In Sea-Land, though, our Supreme Court criticized the home-port doctrine at length (12 Cal.3d at 781-788, 117 Cal.Rptr. 448, 528 P.2d 56) and labeled it 'anachronistic'. (Id. at 787, 117 Cal.Rptr. 448, 528 P.2d 56.) It unanimously adopted the view of the minority in SAS that the possibility of international double taxation of instrumentalities of foreign commerce, which these containers admittedly are, was no reason to limit the local power to tax them upon a nondiscrimintory apportioned basis provided they had (as they did) a taxable situs here. (Id. at 786, 787-788, 117 Cal.Rptr. 448, 528 P.2d 56.)

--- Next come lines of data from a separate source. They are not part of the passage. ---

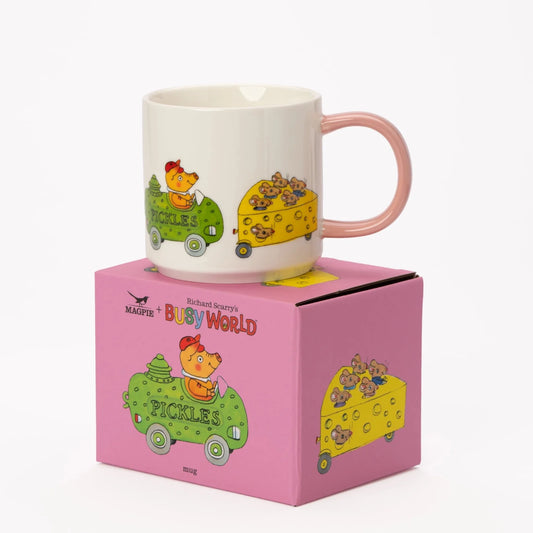 Magpie x Richard Scarry Things That Go Mug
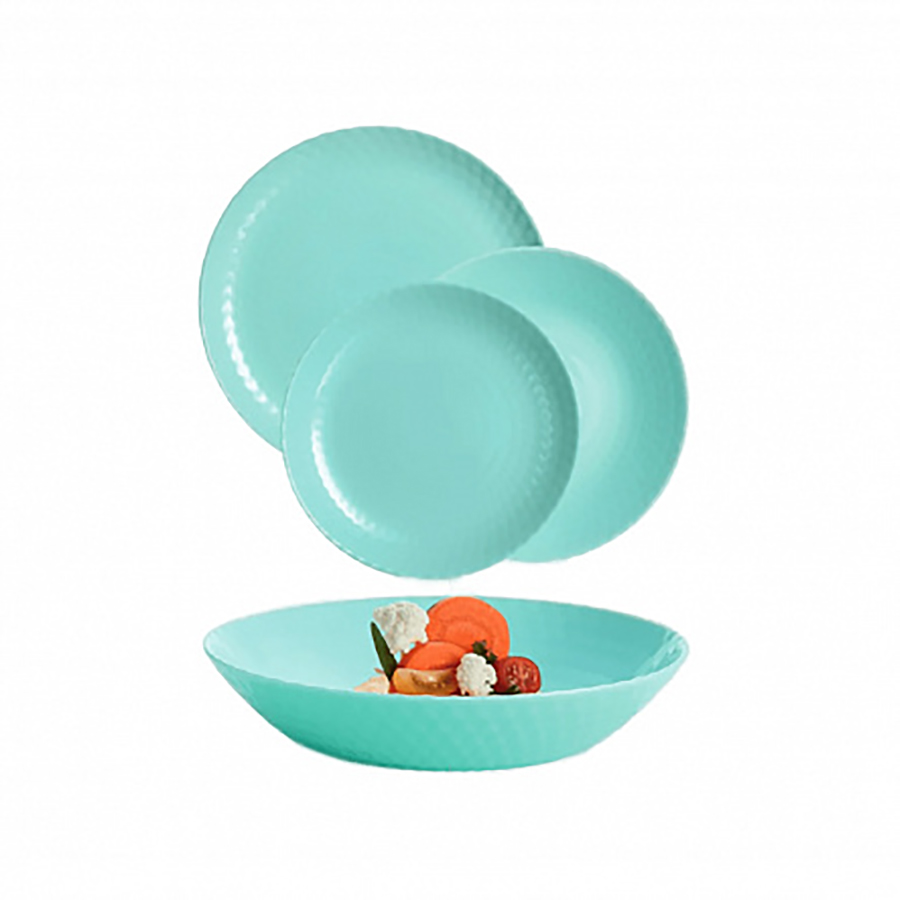 Набор столовый Luminarc Pampille Turquoise 18 предметов, Голубой, Стокмарт-Сервизы столовые1-64
Набор столовый Luminarc Pampille Turquoise 18 предметов, Голубой, Стокмарт-Сервизы столовые1-64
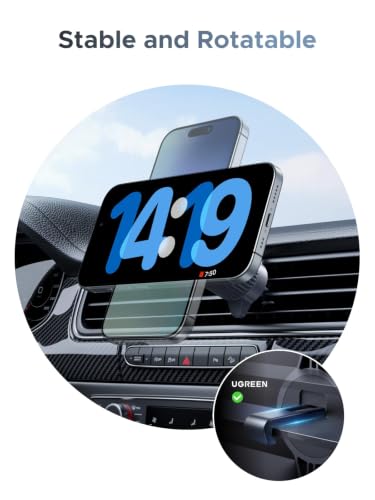 UGREEN MagFlow 25W Qi2.2 MagSafe Compatible Wireless Car Charger - size: 25W
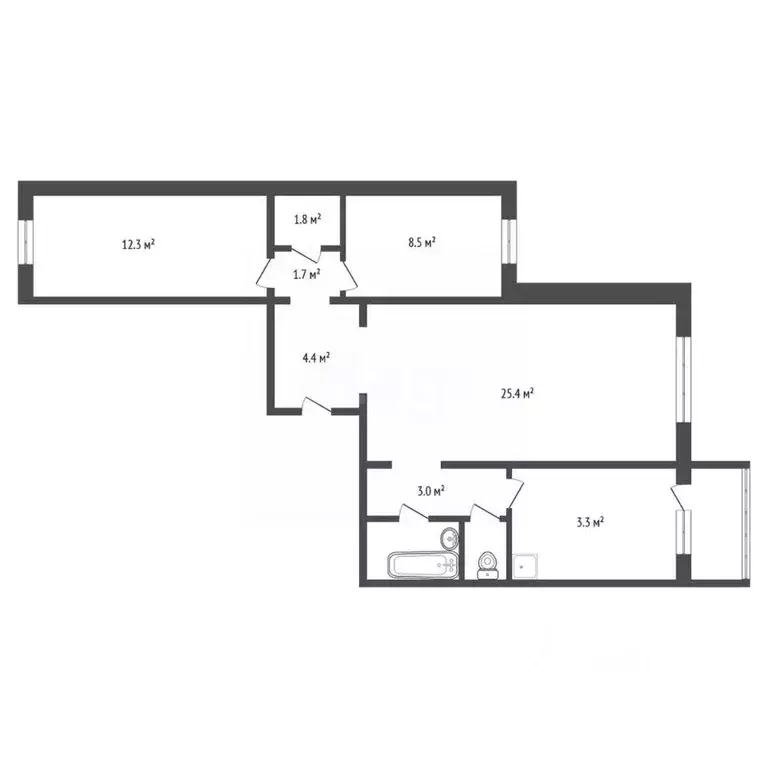3-к кв. Красноярский край, Красноярск Нанжуль-Солнечный мкр, ул. ... - Фото 2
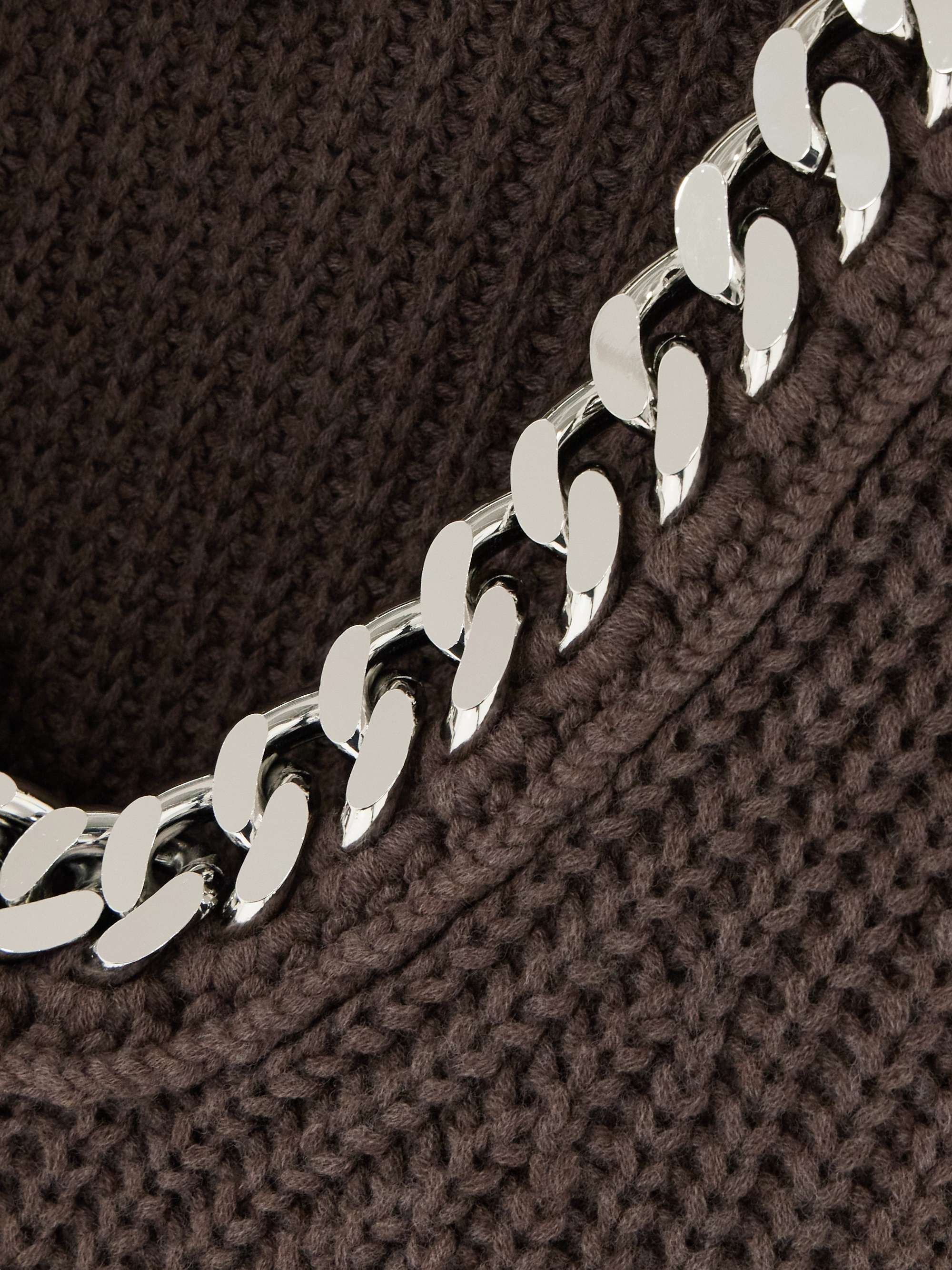 Falabella oversized chain-embellished wool sweater view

2. The Tonnage Duty Prohibition
Article I, section 10, clause 3 of the United States Constitution prohibits the imposition by states (and presumably their subdivisions) of tonnage duties. The taxpayers contend that this prohibition invalidates the local property taxes at issue since they in practical effect are tonnage duties upon the cargo containers.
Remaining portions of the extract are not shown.